The goal of this book (an English translation of a German text first published about ten years ago) is to teach undergraduate and graduate students the basic examples and techniques of mathematical modeling of real-world phenomena. The phenomena discussed in the text are (mostly) continuous in nature and the mathematics used is primarily ordinary and differential equations.

There are seven chapters, arranged in increasing order of sophistication. Two of these seven chapters (specifically, the third and fifth) address areas of physics (thermodynamics and continuum mechanics) that will be shortly be discussed in the text. The first chapter is introductory; it starts by talking about what mathematical modeling is all about and then gives some extended “case studies” — population growth (where it is explained why the discrete model is best replaced by a continuous one) and an example from fluid mechanics. Techniques such as dimensional analysis and asymptotic expansions are also introduced and discussed.
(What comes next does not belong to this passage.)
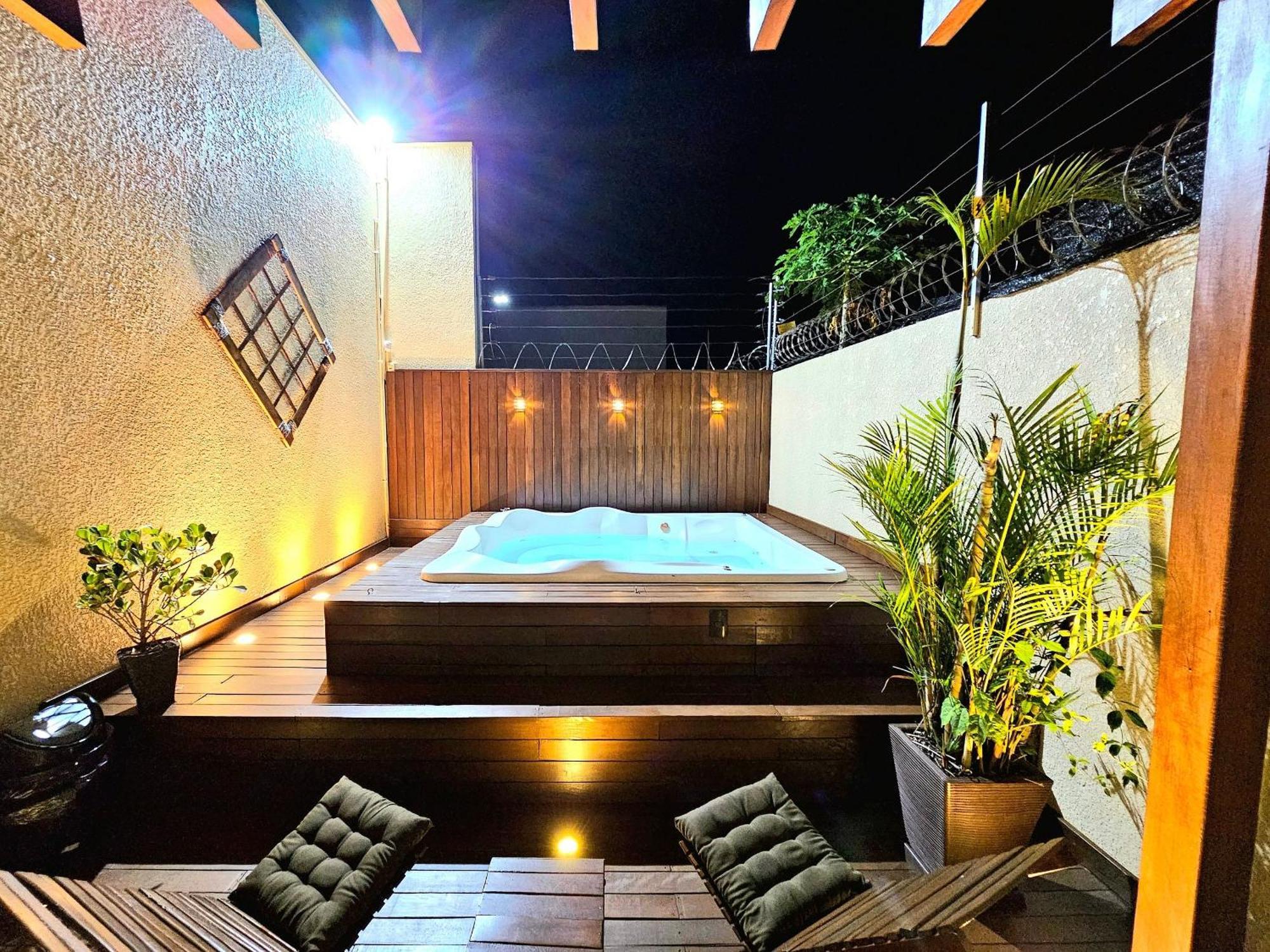 Casa 2 Quartos Jacuzzi Aquecida Prox Cataratas Casa de férias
This leaves chapters 2, 4, 6 and 7. Chapter 2 uses systems of linear equations to discuss equilibrium problems in a variety of different contexts: electrical networks, stress loads, etc. Chapter 4 discusses a number of models amenable to study by ordinary differential equations, including oscillations, pendulums, phase planes, and predator-prey models. Finally, chapters 6 and 7 concern partial differential equations. The first of these chapters discusses elliptic, hyperbolic and parabolic PDEs, though at a much higher level than is typically encountered in an undergraduate PDE text. The second and final chapter looks at “free boundary problems”; i.e., problems in which a PDE is defined on a domain, part of whose boundary is unknown. This chapter shows how these problems can be used to model melting problems, crystal growth, and contact problems involving elastic membranes.

This is a demanding book, one that expects a lot of the students who will be reading it. (This is likely related to its European origins.) The specific prerequisites tend to increase as the book progresses, but a basic background in real analysis and linear algebra is assumed throughout. Later chapters require some familiarity with ordinary and partial differential equations, the integral theorems of multivariable calculus, and the theory of surfaces. Some prior knowledge of physics would seem to be essential, as well.

Each chapter ends with exercises, many of which (to my inexpert eye, anyway) seemed to fall in the medium-to-difficult range. Most textbooks in the Springer Undergraduate Mathematics Series (SUMS) offer in-text solutions to at least some of the exercises (in fact, that’s one of the features advertised by Springer in their online description of the series) but this is one of the rare entries in that series that does not; there are no solutions to be found, either in the text itself or (as of this writing, anyway) on the webpage for the text.

The placement of this book in the SUMS series is, I think, unusual for other reasons as well. I have already noted that this is a demanding book. It certainly seems not only much larger, but also more sophisticated, than most, if not all, of the other SUMS books; in fact, I view this book as better addressed to graduate students than undergraduates. I don’t imagine, for example, that this book would be considered accessible by an average mathematics major at my university. However, for a very well-prepared reader with a willingness to work hard, there is a wealth of interesting material to be found here.